_Input data_
# # # # #

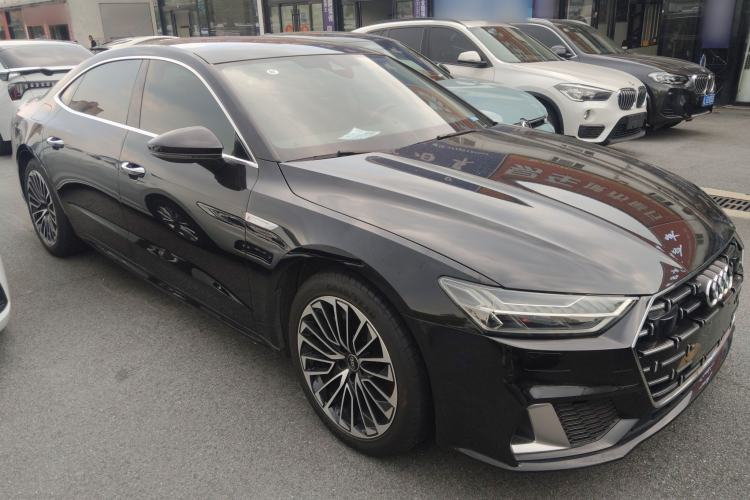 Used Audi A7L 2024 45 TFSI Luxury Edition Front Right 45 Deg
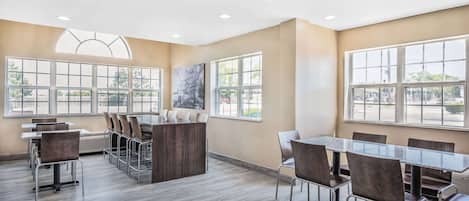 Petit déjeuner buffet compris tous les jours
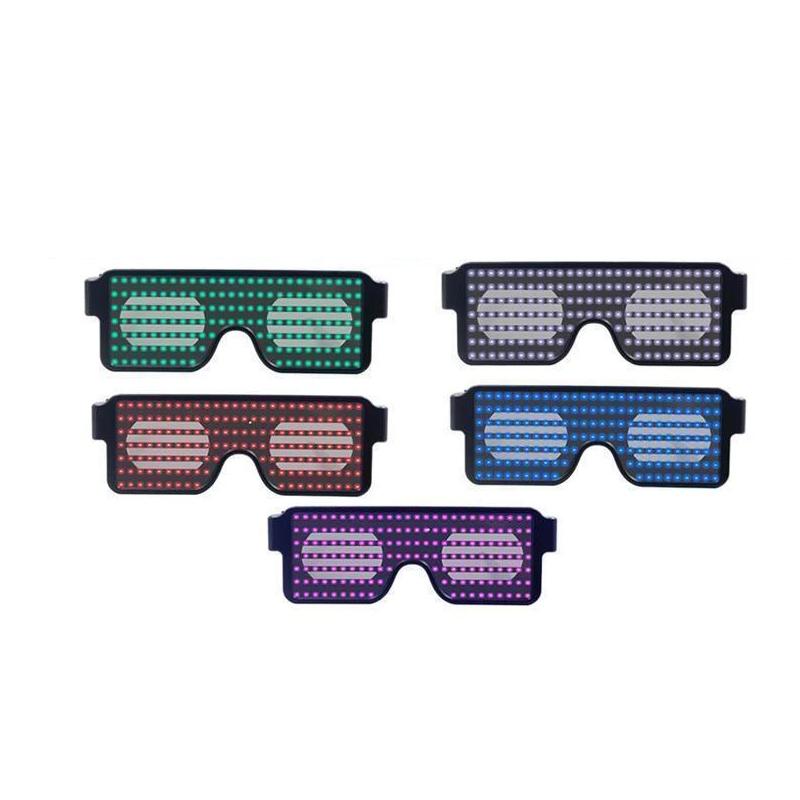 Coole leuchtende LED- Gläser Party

# # # # #

_Task requirements_
Give back exactly the lines from the line with "Petit déjeuner buffet compris tous les jours" through the end of the material above, inclusive, with no pictures.

_Output_
 Petit déjeuner buffet compris tous les jours
 Coole leuchtende LED- Gläser Party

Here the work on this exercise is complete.